The latest development came on the same day as rival Democrat candidate, Washington Governor Jay Inslee released the latest instalment in his wide-ranging climate strategy, which similarly focused on climate justice.
The plan sketches out proposals to target federal climate spending on low income groups and communities of colour, revamp the White House Council on Environmental Quality as the Council on Environmental Justice, and screen and score policy proposals for their impact on climate equity.
It follows four previous detailed climate policy plans that have been released by Inslee in recent months as he has strived to push climate issues up the agenda. Each of the plans has been accompanied by major spending commitments, with the latest package proposing that $1.2tr of clean energy investments should be targeted on low-income communities. It would also create a new fund to support those in fuel poverty who could be exposed to any energy price hikes that may result from a carbon tax.
Taken in conjunction with the net zero commitments from other leading candidates such as Bernie Sanders, Joe Biden, and Elizabeth Warren, the candidates' focus on climate action could prove to be hugely significant for businesses and investors. Not only are the new plans ambitious in scope, many of specific policy proposals are being structured so as to allow a new President to push through reforms through executive actions, assuming Democrats fail to secure a super-majority in both Houses.
At the same time, there is encouraging polling evidence to suggest significant support for bolder climate action amongst US voters with one recent survey showing just 29 per cent of people approve of President Trump's stance on climate change. There are also signs that some Republicans are responding to the polling pressure, even if the White House's olive branch to voters concerned about the environment fails to extend beyond repeating lines about the cleanliness of US water. The Hill reported last week that a surprising bout of bipartisanship in the House of Representatives has seen Republicans and Democrats alike table a series of bills in recent days that would introduce various carbon pricing mechanisms.

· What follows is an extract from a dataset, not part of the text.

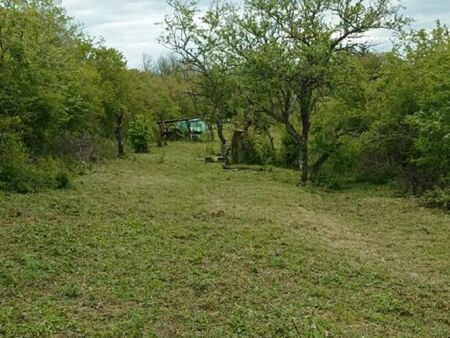 terrain de loisirs  jardin ou autre  de 25 ares ( secteur 57420)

It is hard to overstate both the significance of next year's Presidential election, nor the scale of the chasm between the likely candidates. On one side of the aisle, a Trump victory would unleash a further assault on US environmental policies and almost certainly embolden some other governments around the world to emulate the US president and row back on their support for the Paris Agreement. In contrast, a Democrat President would enter the White House with a sweeping decarbonisation strategy, ambitious emissions targets, a new focus on environmental justice, and significant public backing. Green businesses may struggle to plan for such diametrically opposed outcomes, but there is little doubt they will be watching the high stakes race with interest, and not a little nervousness.